• _WHAT YOU SHOULD DO_
Return every line of the data below exactly, but do not include the images.

• _DATA PROVIDED_
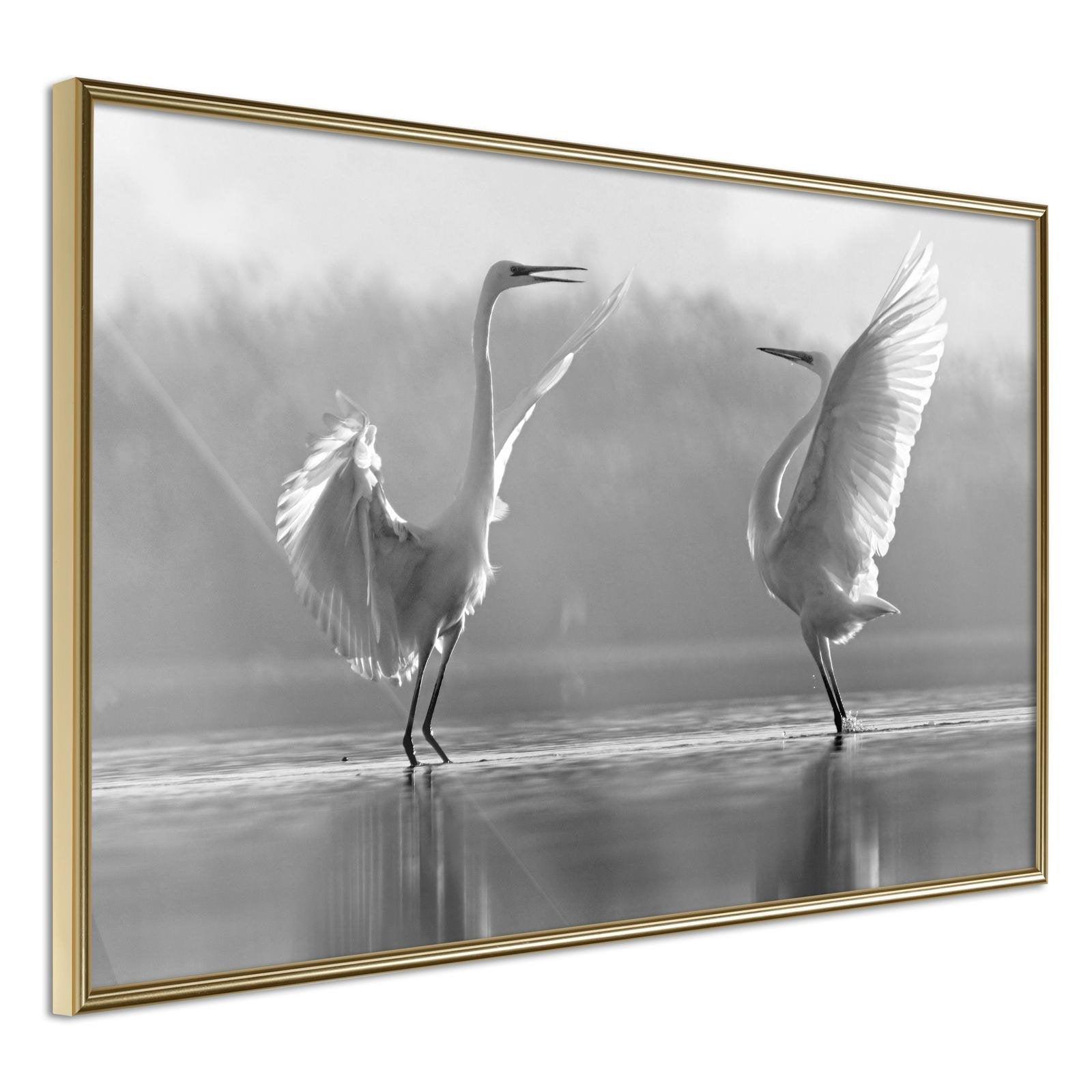 Inramad Poster / Tavla - Black and White Herons-Poster Inramad-Artgeist-30x20-Guldram-peaceofhome.se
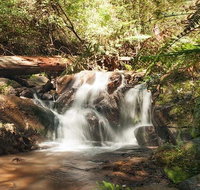 Discover Tour Dandenong Ranges  William Ricketts Sanctuary - Sunshine Coast Guide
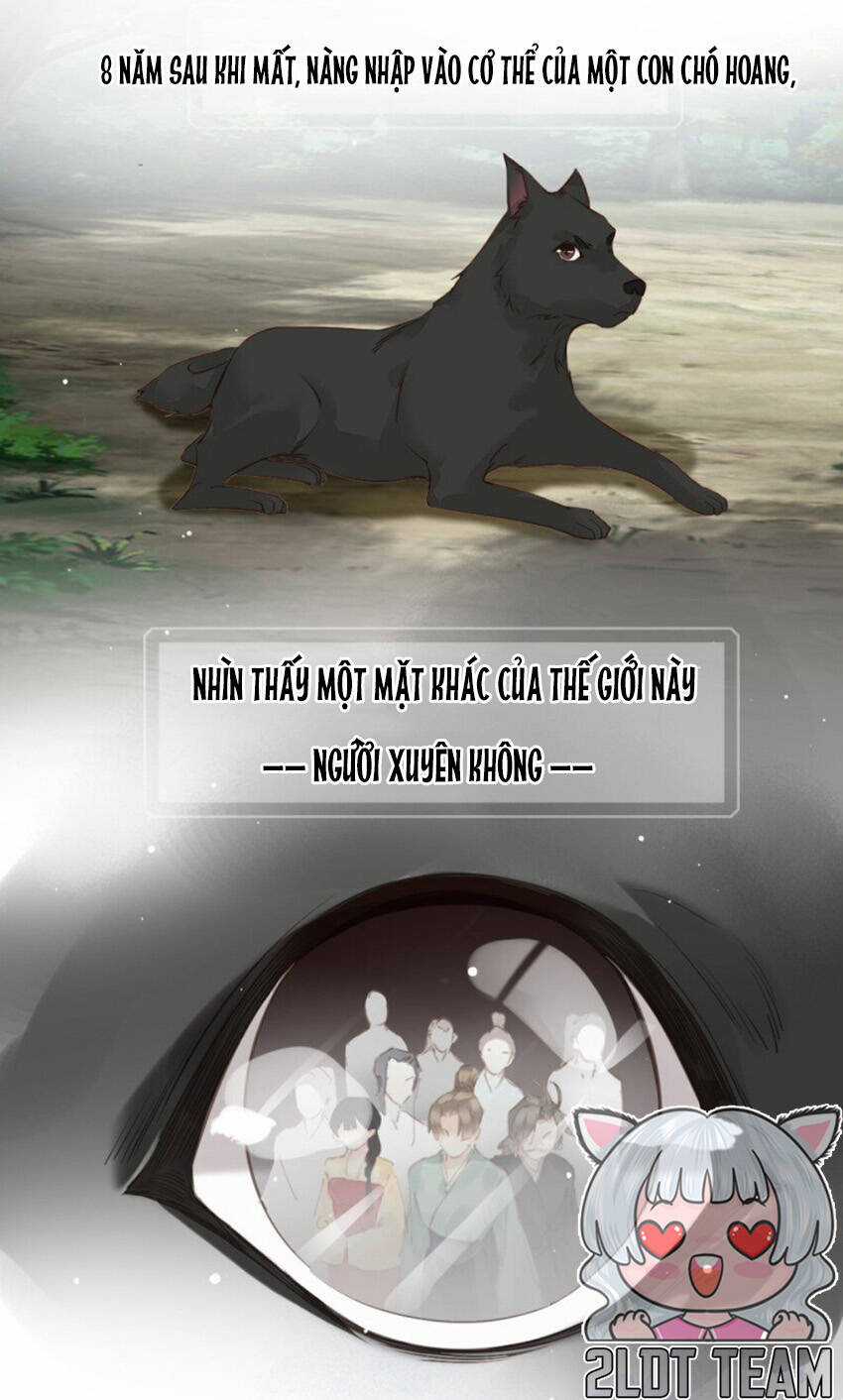 Quận Chúa Bất Tư Gia Chapter 174 trang 6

• _EXPECTED ANSWER_
 Inramad Poster / Tavla - Black and White Herons-Poster Inramad-Artgeist-30x20-Guldram-peaceofhome.se
 Discover Tour Dandenong Ranges  William Ricketts Sanctuary - Sunshine Coast Guide
 Quận Chúa Bất Tư Gia Chapter 174 trang 6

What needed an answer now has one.